## Material provided
================

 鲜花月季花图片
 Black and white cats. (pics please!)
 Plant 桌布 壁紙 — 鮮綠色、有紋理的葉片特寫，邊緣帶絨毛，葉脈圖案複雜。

================

## Work instructions
Each line from the line holding "Black and white cats. (pics please!)" through the end of the material above is to be printed exactly, both ends included, and no other line is to appear.

## Result of the task
 Black and white cats. (pics please!)
 Plant 桌布 壁紙 — 鮮綠色、有紋理的葉片特寫，邊緣帶絨毛，葉脈圖案複雜。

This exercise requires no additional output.